What needs reproducing is the run of lines in the data below starting at the line with "Technician repairing faulty" and ending at the line with "Aufkleber - A", both ends included. Copy it exactly, without pictures, and add nothing.

:: Information supplied ::
%%
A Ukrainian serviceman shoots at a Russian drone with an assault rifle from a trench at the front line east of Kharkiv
%%
%%
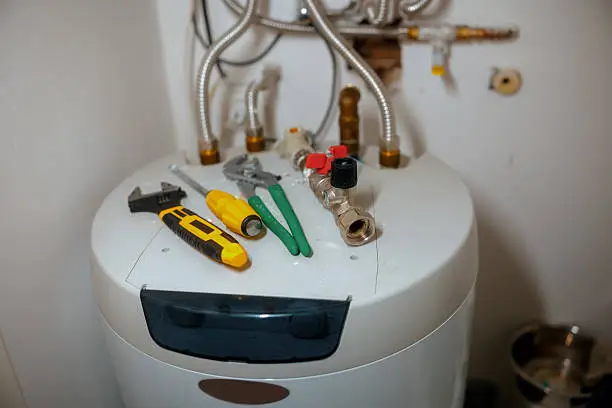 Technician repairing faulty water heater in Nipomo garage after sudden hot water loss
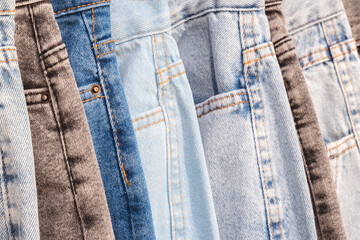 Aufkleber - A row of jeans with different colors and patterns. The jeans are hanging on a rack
%%
:: Answer ::
 Technician repairing faulty water heater in Nipomo garage after sudden hot water loss
 Aufkleber - A row of jeans with different colors and patterns. The jeans are hanging on a rack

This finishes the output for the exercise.